Leading out England was Spurs manager Harry Redknapp, followed by his evergreen assistant James Corden. Taking charge of the rest of the world were Liverpool legends Kenny Dalglish and Ian Rush. Several hugs and handshakes later, Pierluigi Collina signalled the start of the game that saw legends and celebrities such as Alan Shearer and Robbie Williams go head to head with some formidable opponents including former France ace Zinedine Zidane and fiery celebrity chef Gordon Ramsey.
As was widely expected, the game started at a snail’s pace with both teams seeming reluctant to give the other an opportunity to embarrass them in front of a near capacity crowd. But for a first half penalty save by former England keeper David Seaman, there was little to shout about in terms of the match itself. It was up to the fans, then, to provide their own entertainment in the form of an epic Mexican wave which circulated the stadium for several minutes before all but one man in front of me decided enough was enough.
Eventually, and with just seconds remaining in the first half, Alan Shearer put Jamie Redknapp in on goal and the former Liverpool midfielder fired past Jens Lehmann to give England the lead at the break.
Both managers made changes at half time, most notably opting to replace David Seaman and Jens Lehman with Jamie Theakston and Paddy Kielty, respectively. If ever there was a sure fire indication that goals were to follow it came in the form of the latter’s warm up as both Luis Figo and Jens Lehmann repeatedly put shots past him from way outside the box.
Sure enough, it wasn’t too long into the second half before England were 2 up.

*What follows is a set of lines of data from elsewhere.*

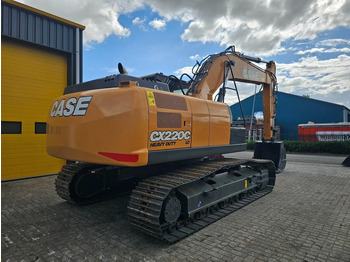 Crawler excavator Case CX220C: picture 4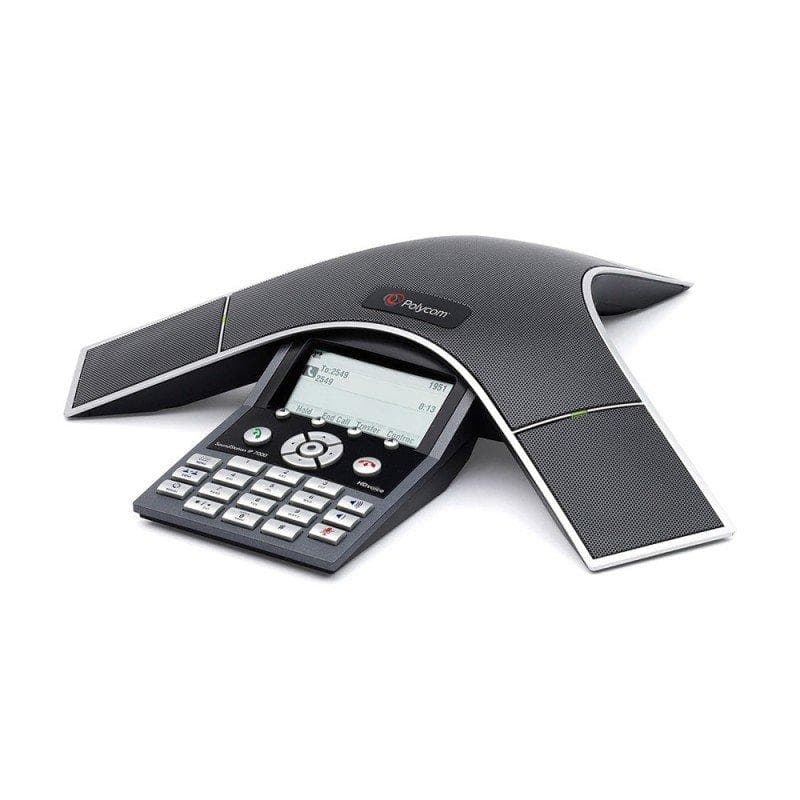 Téléphone fixe Polycom SoundStation IP 7000
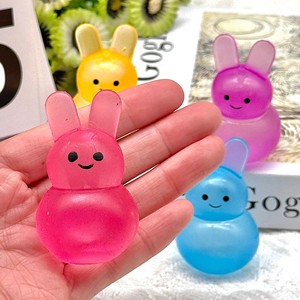 Juguete de Peluche Suave de <span class=keywords><strong>Conejo</strong></span> Princesa Snowball, Popular Transfronterizo, de Alta Calidad, de Rebote Lento, Ideal para Pascua - Product Image 4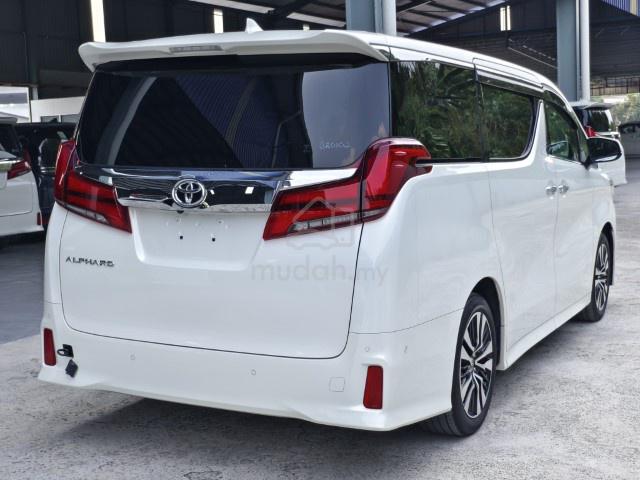 2021 Toyota ALPHARD 2.5 SC DBA-AGH30W (A) - 5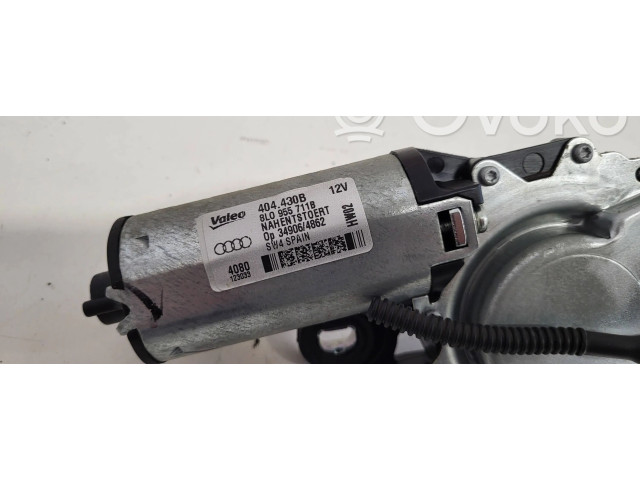 Моторчик заднего дворника 8L0955711B, 349064862    Audi A6 S6 C5 4B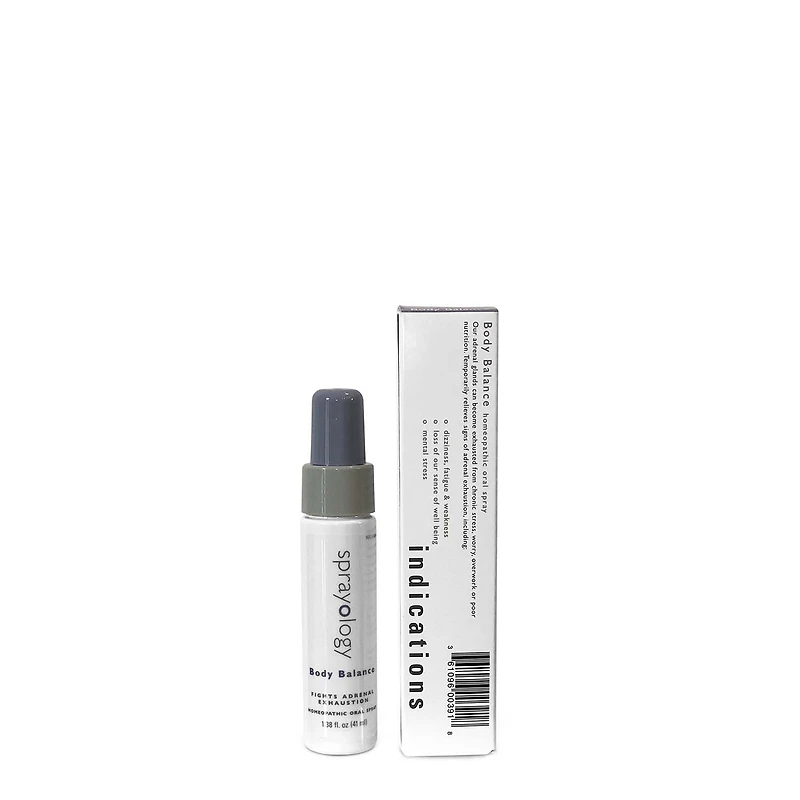 Body Balance - 1.38 oz. (1 Bottle)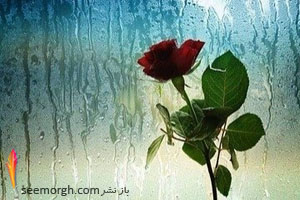 هر کجا نامه عشق است، نشان من و تست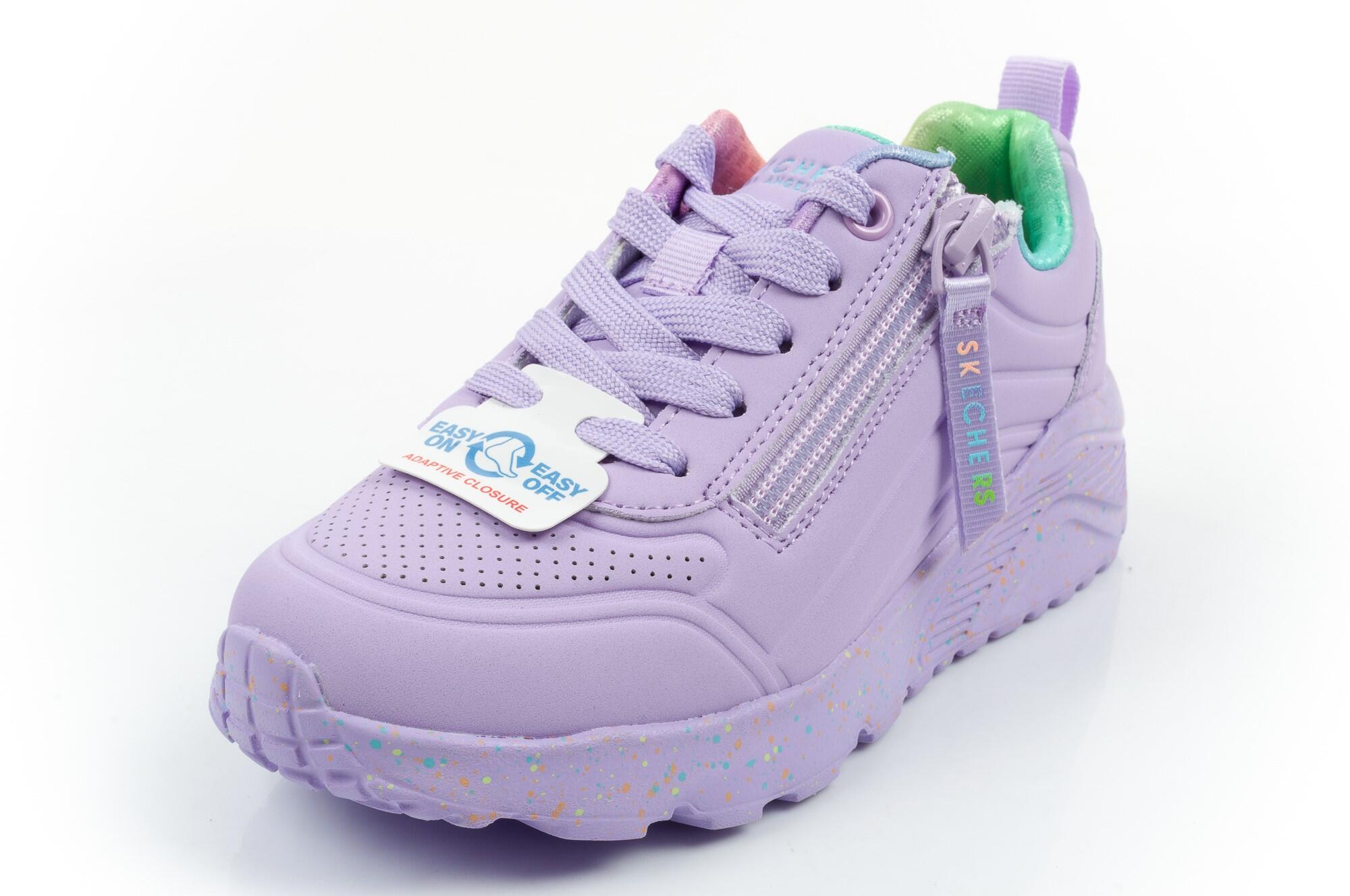 Scarpe sportive per bambini Skechers Uno Lite 3/7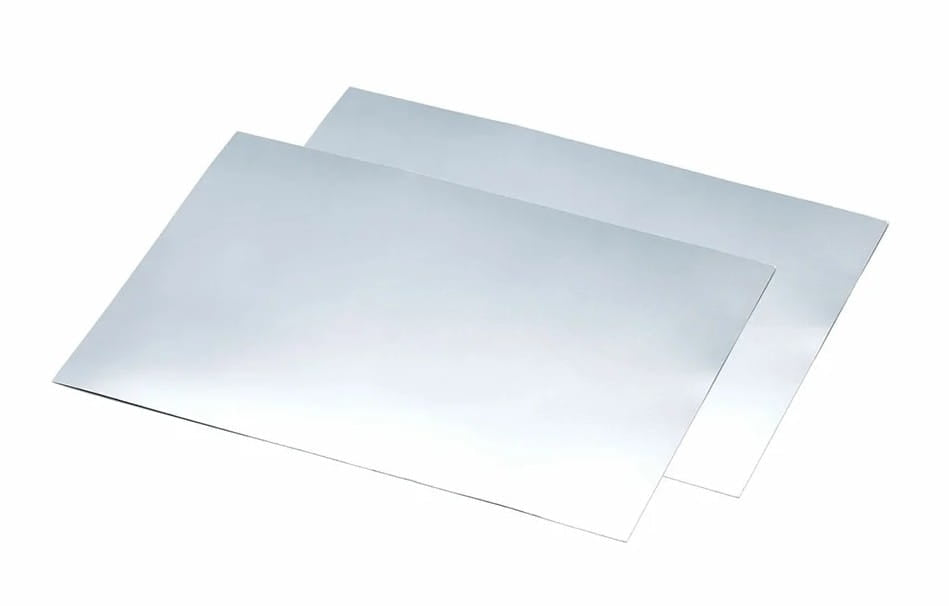 Tamiya 87226 Self-Adhesive Foil Aluminum 2 Sheets – obrázek 2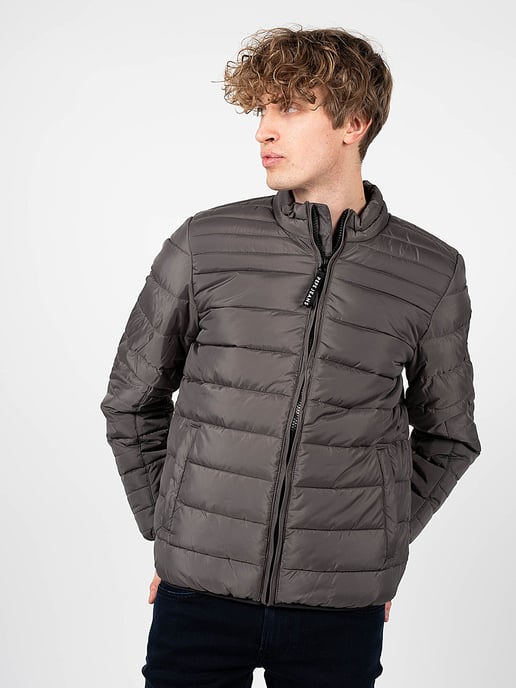 Pepe Jeans jas Jack Mannen Grijs - Image 3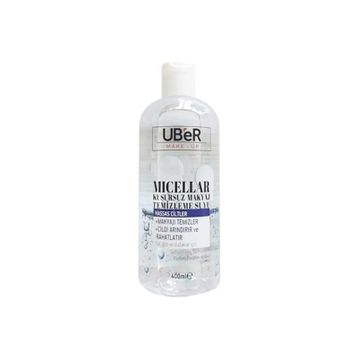 Uber Micellar 400 ml Makyaj Temizleme Suyu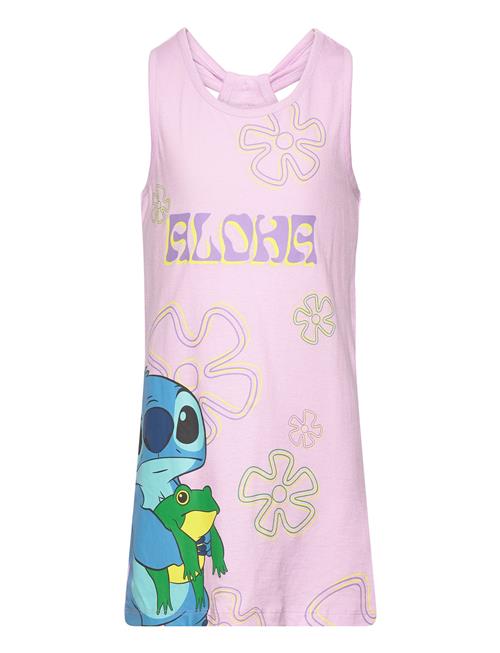 Dress Disney Pink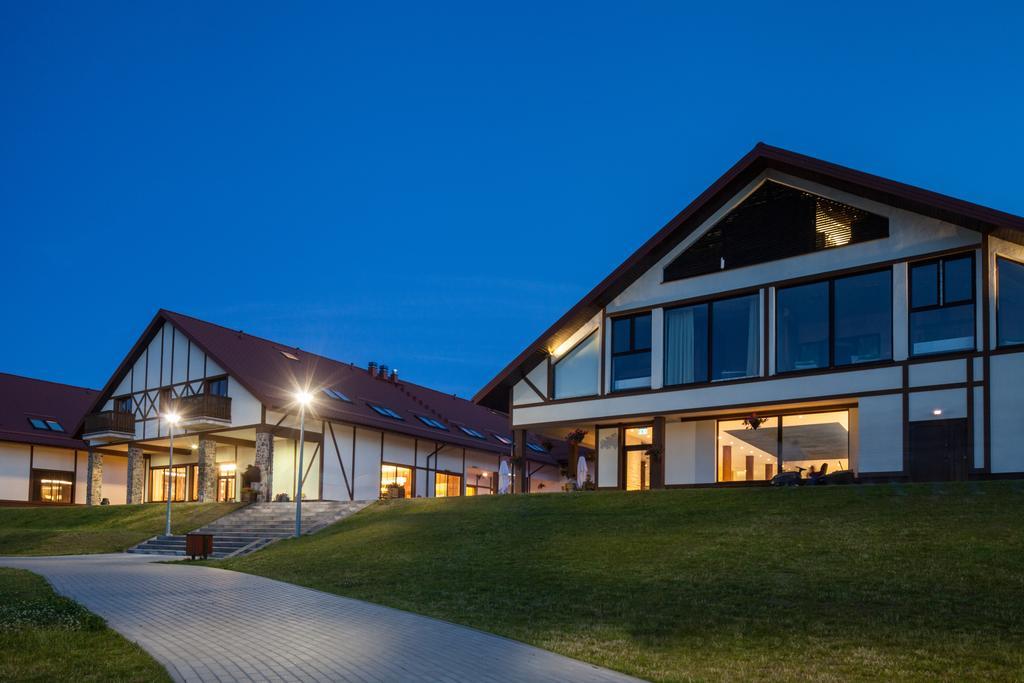 Mikolajki Resort Hotel & Spa Jora Wielka Luaran gambar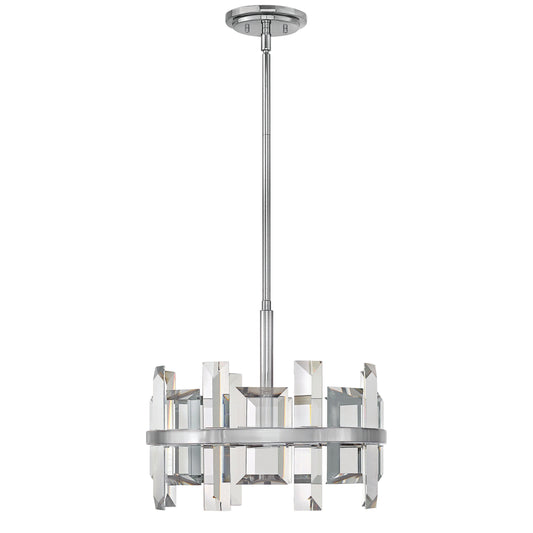 Odete Single Tier Pendant Light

Former Manchester Utd striker Teddy Sherringham enjoyed his return to Old Trafford, marking it with a signature goal. However, England’s joy was short-lived as the The Rest Of The World quickly hit back through Joe Calzaghe before Liverpool legend Sami Hyypia rose like a salmon to head home the equalizer.
From this point on there was little left to do but sit back and admire the few players that stood out head and shoulders above the rest. Luis Figo and Zinedine Zidane seemed to cut almost everyone else out of the game as they showed glimpses of the kind of football that we all love to remember them by.
With the game ending in a draw, the two teams went on to compete in a penalty shootout which lasted the best part of 20 minutes before Woody Harrelson finally poked past Jamie Theakston to claim the trophy for The Rest Of The World. The real winner, though, was children’s charity Unicef which will benefit from £2.5m raised by the event.
All in all Soccer Aid 2010 proved to be a real hit for everyone involved. Celebrities such as Olly Murs and Michael Sheen realised their own dreams in playing at such an incredible venue, and football legends including Alan Shearer and Ryan Giggs had the chance to give something back after being lucky enough to ply their trade in such a lucrative and rewarding business for their entire careers.